WORK REQUEST:
From the records below, extract only the lines running from the line with "скриншот Continuum - Original Soundtrack 0" to the line with "Dior Maxi Saddle Shoulder Bag 1ADH0022YKY", both lines included, reproducing them exactly.

GIVEN ENTRIES:

========================================================================

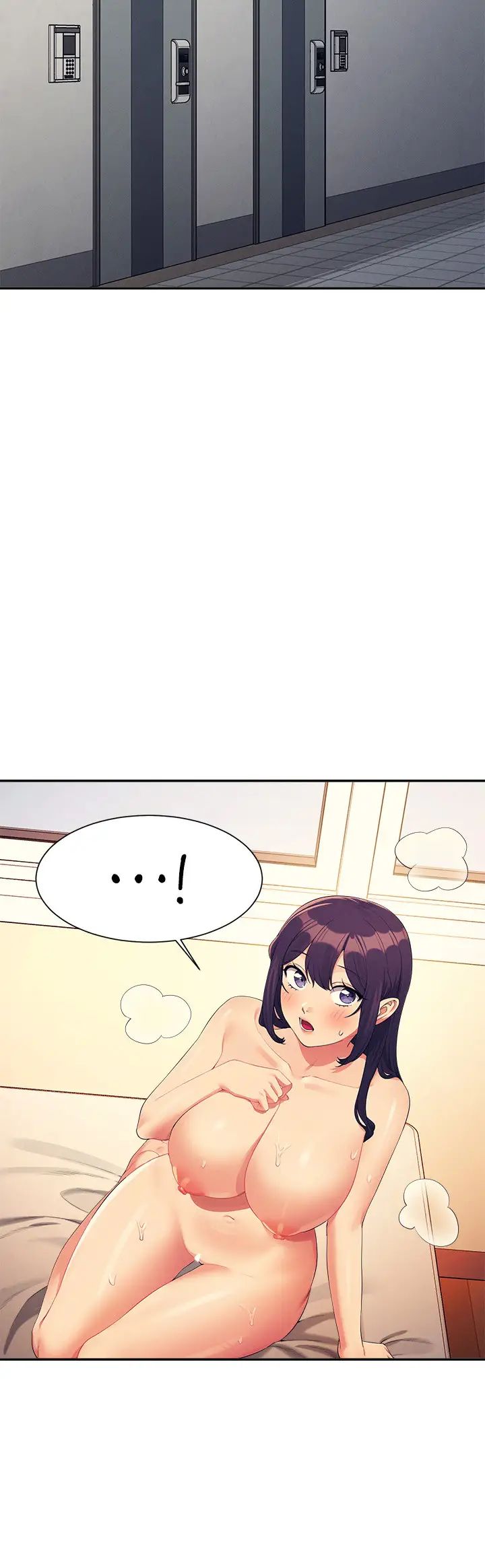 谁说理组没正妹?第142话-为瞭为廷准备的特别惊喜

========================================================================

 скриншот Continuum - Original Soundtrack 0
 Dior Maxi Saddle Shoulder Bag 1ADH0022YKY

========================================================================

RESPONSE AREA:
 скриншот Continuum - Original Soundtrack 0
 Dior Maxi Saddle Shoulder Bag 1ADH0022YKY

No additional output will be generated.